The concept caught on fast.

🤑 By 2022, 1Fit had expanded beyond Kazakhstan into Uzbekistan, Kyrgyzstan and Azerbaijan, pulling in about $12 million in annual revenue (a 151% jump from the year before) — with 1.6 million workouts logged by users that year alone.

Success breeds ambition, and 1Fit's founders were thinking big. Really big.

💰 They secured funding from TMT Investments, a UK-based venture capital fund. First, they raised $500,000 in December 2021, then another $500K in July 2023.

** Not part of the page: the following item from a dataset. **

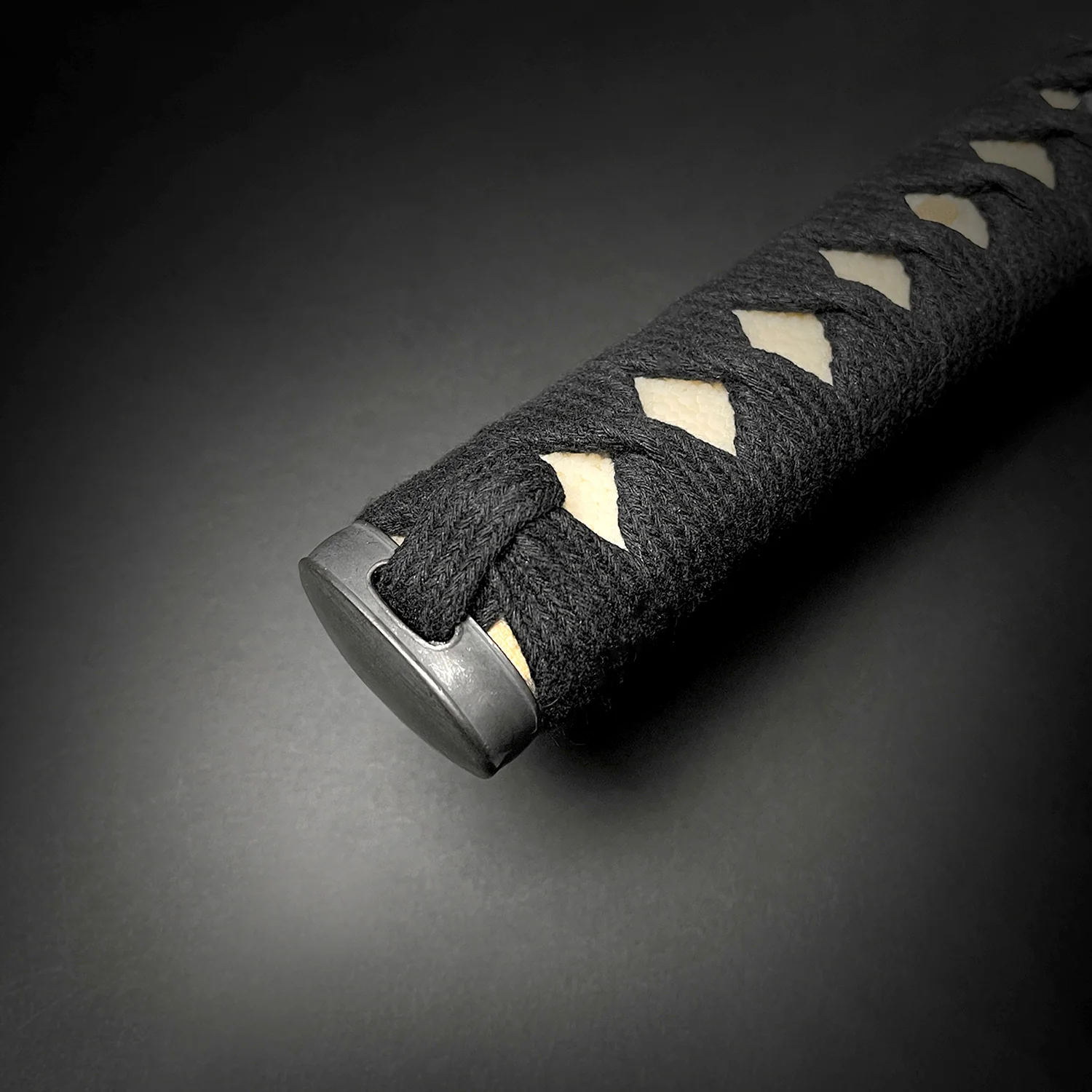 Musha Iaido Practice Wakizashi Katana - Image 4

By 2023, 1Fit was operating successfully in Central Asia and decided it was time to conquer the world. They announced plans to expand into the UK, with London as their first international market.

Not long after, 1Fit set its sights on Southeast Asia. In early 2024, the team launched 1Fit in Malaysia (they also entered Mexico and the UAE around that).

🇲🇾 Malaysians were intrigued by the unlimited pass idea. Before long 1Fit had signed up hundreds of local studios.

In its first year in KL, members completed roughly 365,000 workouts across those partners. Trainers and newbies alike were eager to try this “all-you-can-exercise” deal.

📈 At its peak, revenue hit $20.2 million with 216 employees worldwide.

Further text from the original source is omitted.